The individuals involved identify issues and offer solutions, but they do not understand the underlying workflow. Because they have not experienced the problems firsthand, the solutions they provide do not answer the real questions. To fix these issues, you must understand the internal flow of an institute. 

For example, the Information Communication Technology Agency (ICTA) created websites for all the divisional secretariats, but these projects stalled because no one from ICT service staff was officially made responsible for maintenance. 

We also see a recurring failure in the handover process where the responsibility is not clearly assigned. Technology is not an obstacle in this day and age. The problem is a lack of administrative policy and leadership. Without a person who is truly responsible for carrying out these projects, they simply become a waste of money.
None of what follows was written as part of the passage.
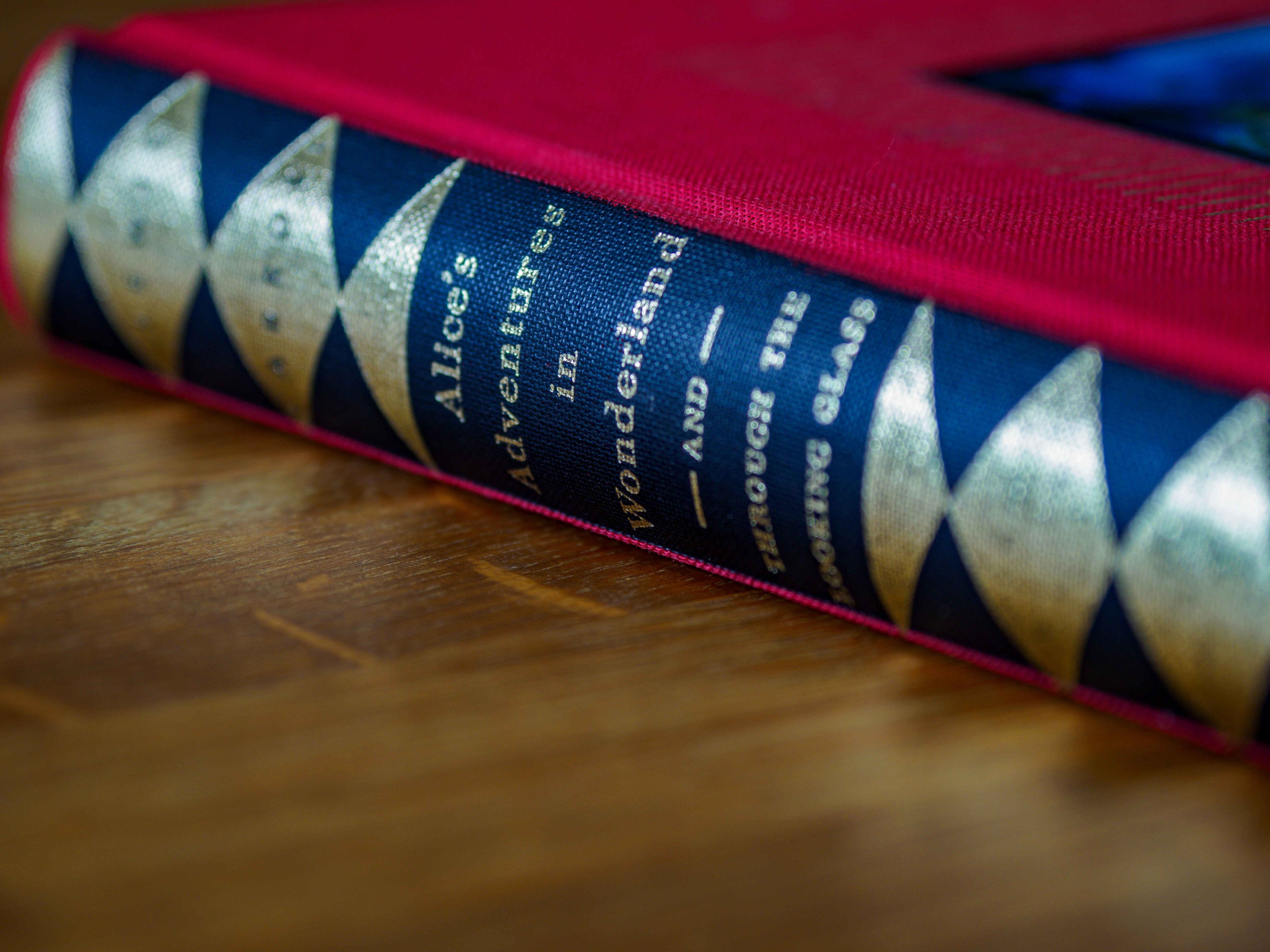 a red and blue book sitting on top of a wooden table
The shortage of ICT staff is a significant problem. When a non-IT service officer who has some knowledge of IT and is assigned to manage a project gets transferred, they are often replaced by someone who is in the same service but has no knowledge in IT and no interest in learning new systems. Because they are not IT professionals, they cannot take responsibility for the systems running at the office and superiors can’t force them since that is not what they recruited for.

Could you elaborate why this is happening?
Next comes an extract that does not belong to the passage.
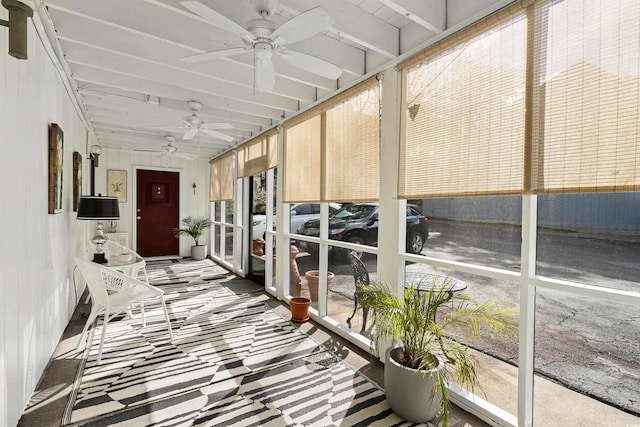 sunroom / solarium featuring ceiling fan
Currently, there are only about 100 executive-level ICT professionals from across the entire Government workforce, who are mostly centralised in the Colombo District. While there are around 250 ICT officers and about 2,000 ICT assistants, most ministries do not even have a director-level position for IT. 

For some reason, these senior positions are not created when cadres are prepared, which means there is no one at the top to handle the management and verification of these digitisation endeavours at Government institutes. With the ICT sector rapidly evolving, this lack of internal capacity means we cannot manage the services rendered by the private companies that develop our systems.
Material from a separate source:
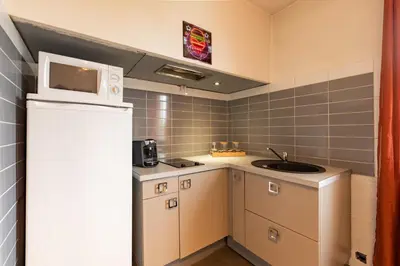 a small kitchen with a sink and a microwave at L'Écrin de Pamiers - Appt climatisé pour 6 in Pamiers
How do these capacity issues affect the reliability of Government digital services and infrastructure?

We face major infrastructure barriers and reliability problems. If a Government institute wants to host a website or a system, they have to use either their own servers, which are expensive and need special knowledge to maintain, or the Lanka Government Cloud (LGC). However, that cloud is managed by very few technical staff. 

For a public service, we need 24/7 operation and 99.9% uptime. However, in this situation, when a system or a website goes down, people must log a complaint via the helpdesk and wait days or weeks for a solution, which is not acceptable. We are hopeful that the newly launched version of the LGC will help to resolve these issues.

On the other hand, a lack of ICT staff acts as a structural ceiling that prevents the Government from moving beyond ‘paper digitisation’ into a truly reliable digital state.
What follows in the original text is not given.